## What is being asked
Using the records below, quote only the span that opens with the line containing "DC Comics Men's" and closes with the line containing "10mm Silver White", exactly and inclusively.

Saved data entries
____________________

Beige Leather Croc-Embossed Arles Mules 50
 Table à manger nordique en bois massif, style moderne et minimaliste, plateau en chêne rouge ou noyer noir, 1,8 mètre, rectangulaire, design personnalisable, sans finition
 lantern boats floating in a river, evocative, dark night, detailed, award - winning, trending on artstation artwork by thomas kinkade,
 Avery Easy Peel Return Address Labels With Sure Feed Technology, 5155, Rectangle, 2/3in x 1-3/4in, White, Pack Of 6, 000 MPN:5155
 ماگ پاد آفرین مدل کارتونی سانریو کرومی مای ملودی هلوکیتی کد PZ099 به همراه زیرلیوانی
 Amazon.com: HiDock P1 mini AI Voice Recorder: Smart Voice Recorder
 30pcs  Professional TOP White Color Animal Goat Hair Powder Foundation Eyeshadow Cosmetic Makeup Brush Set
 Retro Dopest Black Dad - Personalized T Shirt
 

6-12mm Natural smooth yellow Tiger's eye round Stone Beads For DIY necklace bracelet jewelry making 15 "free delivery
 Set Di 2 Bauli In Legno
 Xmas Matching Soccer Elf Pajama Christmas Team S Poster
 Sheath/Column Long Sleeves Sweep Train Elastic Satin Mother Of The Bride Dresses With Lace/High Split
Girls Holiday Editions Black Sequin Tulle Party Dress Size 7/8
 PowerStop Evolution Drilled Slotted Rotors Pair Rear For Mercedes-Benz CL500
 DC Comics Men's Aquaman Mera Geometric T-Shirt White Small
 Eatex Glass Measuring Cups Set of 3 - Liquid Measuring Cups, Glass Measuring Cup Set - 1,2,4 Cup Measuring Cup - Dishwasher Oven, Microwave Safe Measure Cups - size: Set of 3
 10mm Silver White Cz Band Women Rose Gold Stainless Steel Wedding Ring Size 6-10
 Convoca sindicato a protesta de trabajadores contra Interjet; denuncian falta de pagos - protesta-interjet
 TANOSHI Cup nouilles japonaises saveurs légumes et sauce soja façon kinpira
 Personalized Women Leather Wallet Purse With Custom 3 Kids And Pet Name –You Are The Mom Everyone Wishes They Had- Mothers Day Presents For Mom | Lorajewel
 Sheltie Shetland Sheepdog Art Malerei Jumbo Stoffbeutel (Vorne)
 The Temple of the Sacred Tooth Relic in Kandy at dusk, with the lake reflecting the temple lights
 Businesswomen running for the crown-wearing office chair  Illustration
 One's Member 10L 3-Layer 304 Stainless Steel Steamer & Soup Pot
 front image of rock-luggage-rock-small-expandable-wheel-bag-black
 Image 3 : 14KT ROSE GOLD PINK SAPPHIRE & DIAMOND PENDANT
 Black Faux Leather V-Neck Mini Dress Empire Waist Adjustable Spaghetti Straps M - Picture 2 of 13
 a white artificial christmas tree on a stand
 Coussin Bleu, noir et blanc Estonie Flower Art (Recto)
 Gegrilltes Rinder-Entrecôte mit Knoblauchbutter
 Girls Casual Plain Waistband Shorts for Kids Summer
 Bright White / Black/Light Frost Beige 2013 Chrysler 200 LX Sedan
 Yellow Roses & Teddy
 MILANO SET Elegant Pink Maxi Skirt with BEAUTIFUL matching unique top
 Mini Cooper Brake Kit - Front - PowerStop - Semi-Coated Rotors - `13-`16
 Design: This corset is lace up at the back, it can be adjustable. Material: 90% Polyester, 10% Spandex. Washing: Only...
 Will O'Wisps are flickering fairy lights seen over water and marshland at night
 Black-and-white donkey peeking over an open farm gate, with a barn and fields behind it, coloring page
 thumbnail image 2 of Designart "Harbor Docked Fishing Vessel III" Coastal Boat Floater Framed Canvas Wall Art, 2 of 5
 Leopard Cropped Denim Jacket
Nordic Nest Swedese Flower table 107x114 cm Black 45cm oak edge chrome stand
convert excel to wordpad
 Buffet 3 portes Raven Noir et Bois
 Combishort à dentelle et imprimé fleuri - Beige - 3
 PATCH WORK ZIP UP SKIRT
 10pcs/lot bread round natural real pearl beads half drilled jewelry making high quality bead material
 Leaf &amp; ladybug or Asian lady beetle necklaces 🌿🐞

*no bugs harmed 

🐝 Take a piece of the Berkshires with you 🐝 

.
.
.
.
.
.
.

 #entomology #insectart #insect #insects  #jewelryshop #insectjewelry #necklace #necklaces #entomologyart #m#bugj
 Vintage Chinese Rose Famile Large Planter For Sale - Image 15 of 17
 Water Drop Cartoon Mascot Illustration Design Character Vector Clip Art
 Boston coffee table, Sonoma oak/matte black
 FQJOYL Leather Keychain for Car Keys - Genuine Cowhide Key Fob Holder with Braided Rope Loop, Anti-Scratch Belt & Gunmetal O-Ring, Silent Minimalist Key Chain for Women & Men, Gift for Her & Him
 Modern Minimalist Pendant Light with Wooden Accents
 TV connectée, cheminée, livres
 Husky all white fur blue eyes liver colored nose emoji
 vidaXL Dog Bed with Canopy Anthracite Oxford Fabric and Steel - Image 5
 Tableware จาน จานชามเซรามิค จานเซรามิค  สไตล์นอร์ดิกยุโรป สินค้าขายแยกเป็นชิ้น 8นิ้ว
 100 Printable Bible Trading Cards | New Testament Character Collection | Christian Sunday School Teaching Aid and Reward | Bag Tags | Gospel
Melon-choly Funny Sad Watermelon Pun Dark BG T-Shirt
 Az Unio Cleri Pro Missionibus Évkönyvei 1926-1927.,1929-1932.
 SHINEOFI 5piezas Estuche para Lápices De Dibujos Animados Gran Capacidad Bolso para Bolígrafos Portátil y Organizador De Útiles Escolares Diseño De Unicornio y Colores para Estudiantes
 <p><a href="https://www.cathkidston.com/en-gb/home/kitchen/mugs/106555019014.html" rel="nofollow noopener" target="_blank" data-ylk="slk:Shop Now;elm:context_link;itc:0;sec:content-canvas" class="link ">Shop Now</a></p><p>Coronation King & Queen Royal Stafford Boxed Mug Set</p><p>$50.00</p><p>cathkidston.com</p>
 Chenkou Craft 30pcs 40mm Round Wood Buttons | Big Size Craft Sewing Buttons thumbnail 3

____________________

## Solution
 DC Comics Men's Aquaman Mera Geometric T-Shirt White Small
 Eatex Glass Measuring Cups Set of 3 - Liquid Measuring Cups, Glass Measuring Cup Set - 1,2,4 Cup Measuring Cup - Dishwasher Oven, Microwave Safe Measure Cups - size: Set of 3
 10mm Silver White Cz Band Women Rose Gold Stainless Steel Wedding Ring Size 6-10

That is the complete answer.